These records contain pictures, which must be left out; copy exactly the lines from the one with "Besides those settings, the" up to and including the one with "We also provide".

### [RECORDS TO USE]
----

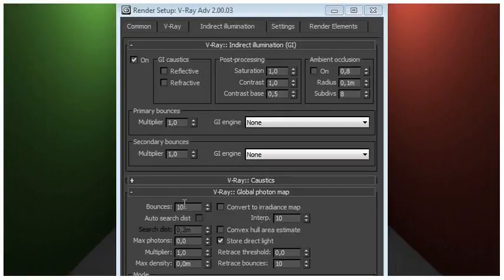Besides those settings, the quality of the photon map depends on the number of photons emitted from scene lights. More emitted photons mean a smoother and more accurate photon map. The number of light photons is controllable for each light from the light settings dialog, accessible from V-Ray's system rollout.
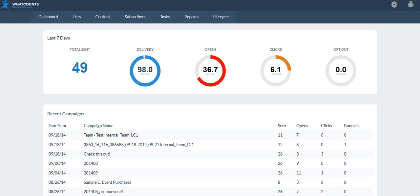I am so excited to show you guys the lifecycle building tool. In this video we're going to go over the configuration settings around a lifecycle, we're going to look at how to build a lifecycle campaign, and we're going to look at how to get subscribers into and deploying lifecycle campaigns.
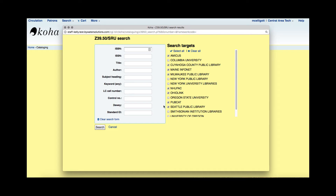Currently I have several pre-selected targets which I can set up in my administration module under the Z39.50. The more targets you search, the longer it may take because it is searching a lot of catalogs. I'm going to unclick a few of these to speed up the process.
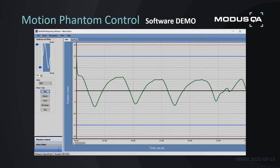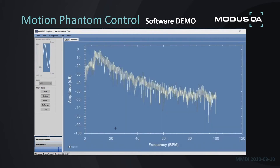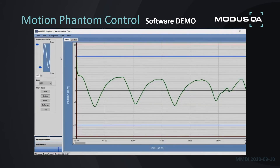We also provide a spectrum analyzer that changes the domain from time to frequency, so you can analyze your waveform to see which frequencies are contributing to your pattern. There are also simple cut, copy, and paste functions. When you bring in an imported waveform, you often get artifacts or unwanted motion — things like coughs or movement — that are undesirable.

----

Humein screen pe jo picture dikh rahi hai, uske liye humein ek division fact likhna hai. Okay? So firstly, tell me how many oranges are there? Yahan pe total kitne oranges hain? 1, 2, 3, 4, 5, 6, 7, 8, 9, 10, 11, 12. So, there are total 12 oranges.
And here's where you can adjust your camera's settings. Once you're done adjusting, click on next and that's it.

----

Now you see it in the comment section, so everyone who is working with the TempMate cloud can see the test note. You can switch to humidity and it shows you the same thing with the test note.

----

### [RESPONSE]
Besides those settings, the quality of the photon map depends on the number of photons emitted from scene lights. More emitted photons mean a smoother and more accurate photon map. The number of light photons is controllable for each light from the light settings dialog, accessible from V-Ray's system rollout.
I am so excited to show you guys the lifecycle building tool. In this video we're going to go over the configuration settings around a lifecycle, we're going to look at how to build a lifecycle campaign, and we're going to look at how to get subscribers into and deploying lifecycle campaigns.
Currently I have several pre-selected targets which I can set up in my administration module under the Z39.50. The more targets you search, the longer it may take because it is searching a lot of catalogs. I'm going to unclick a few of these to speed up the process.
We also provide a spectrum analyzer that changes the domain from time to frequency, so you can analyze your waveform to see which frequencies are contributing to your pattern. There are also simple cut, copy, and paste functions. When you bring in an imported waveform, you often get artifacts or unwanted motion — things like coughs or movement — that are undesirable.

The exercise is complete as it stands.